Here’s the big bomb big surprise: the cans, and a bunch of the bottles, closest to the blast site remained intact. Yes, somehow you can find a way to drop and smash a six-pack of beer on a totally non-nuclear day, but when an actual nuclear bomb goes off, your Miller High Life will stand strong. According to the report, which you can actually read here, “on Shot II, no appreciable activity was found in exposures at 4700ft, although the beverages at 1270ft from GZ showed low levels.” Which is to say, things got a tad radioactive, but still “well within the permissible limits of emergency use.” Meaning you can drink it, but it may irradiate you and turn you into a hairless nuclear monster. Or, quite possibly, a Teenage Mutant Ninja Human.
One of the key reasons the contents didn’t acquire a ton of radiation, whether in bottle or can (and just clap your hands): the container absorbed a lot of it for them. A key finding of the study: among the beers and sodas affected, the container had higher levels than the contents. Alas, soda did win out in terms of radiation levels, with “beer by reason of its higher natural salt content exhibiting a somewhat higher activity than soft drinks.”
That’s all well and good, but radiation levels can be measured by a Geiger Counter.

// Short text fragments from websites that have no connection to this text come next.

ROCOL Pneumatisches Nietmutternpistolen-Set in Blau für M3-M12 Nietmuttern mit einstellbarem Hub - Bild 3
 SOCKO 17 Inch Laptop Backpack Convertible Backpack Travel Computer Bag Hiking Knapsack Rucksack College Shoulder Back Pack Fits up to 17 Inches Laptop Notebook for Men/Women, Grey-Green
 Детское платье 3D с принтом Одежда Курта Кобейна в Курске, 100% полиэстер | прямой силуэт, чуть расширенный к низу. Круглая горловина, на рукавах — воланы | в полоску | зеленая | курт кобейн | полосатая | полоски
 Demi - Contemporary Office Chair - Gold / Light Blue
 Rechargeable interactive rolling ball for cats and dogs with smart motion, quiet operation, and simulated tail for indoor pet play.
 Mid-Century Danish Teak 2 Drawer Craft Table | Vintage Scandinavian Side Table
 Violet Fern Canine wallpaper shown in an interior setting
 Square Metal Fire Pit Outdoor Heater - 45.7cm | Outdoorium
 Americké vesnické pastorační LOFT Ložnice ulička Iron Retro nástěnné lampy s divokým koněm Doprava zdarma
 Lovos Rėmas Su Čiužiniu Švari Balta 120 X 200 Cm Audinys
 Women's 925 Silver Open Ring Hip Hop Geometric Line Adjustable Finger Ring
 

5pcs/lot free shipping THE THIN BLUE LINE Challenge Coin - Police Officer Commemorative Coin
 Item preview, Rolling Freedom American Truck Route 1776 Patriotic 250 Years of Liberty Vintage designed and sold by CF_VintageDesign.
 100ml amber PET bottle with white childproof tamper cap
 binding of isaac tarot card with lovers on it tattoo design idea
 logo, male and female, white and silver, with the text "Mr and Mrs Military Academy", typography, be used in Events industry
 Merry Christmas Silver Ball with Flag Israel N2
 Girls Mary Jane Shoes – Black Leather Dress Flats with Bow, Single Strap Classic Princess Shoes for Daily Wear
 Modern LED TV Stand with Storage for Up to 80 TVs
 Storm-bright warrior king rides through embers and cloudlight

How can you measure the crisp, refreshing satisfaction of a cold—or extremely hot—Schlitz? By subjecting human beings. Yeah. The government was all up on studying the impact of nuclear war back in the day—and we thank them—so maybe we shouldn’t be surprised by the fact that they actually had someone taste them? But we are. In fact, they actually had some poor sap at the site do an “immediate” taste test. Like, hey, Stan, come over here and try this beer. Why? No reason…Before your hair falls out, tell me if you liked the balance of malt and hops…
The irradiated beers were sent off to laboratories for even more taste testing. But don’t worry; it was “carefully controlled taste-testing.” (We’re guessing by newbie lab assistants who immediately after lost their teeth.) The final conclusion of those poor, toothless bastards: the beers showed a range of tastiness, from “commercial quality”—as in “My, my, this beer tastes pre-nuclear!”—to “aged” to “definitely off,” aka “Nuclear skunked.” (Bonus points: there’s also a chance that “beer could contain non-ethanol elements that reduce the chromosome damage of lymphocytes [blood cells] induced by high-LET radiation.” Basically beer could be a little radiation shield?)
The report event went so far as to say that if a bunch of beer, like a grocery store worth, was found post-nuke, “ultimate usage of the beverages beyond the emergency utility would likely be subject to the review of the taste before return to commercial distribution.” Basically, the U.S. Government was not gonna let any Cold War survivors drink un-tasty beer. Which, yes, super optimistically assumes there’ll be working laboratories intact to taste our beer and also the entirely unlikely grand opening of a “Joe’s Discount Nuclear Apocalypse Mart.”
Then again, we’ll need the beer, since by then we’ll be using Trump pins as currency and having Step Up style post-war dance-offs to determine who becomes our Nuclear Emperor.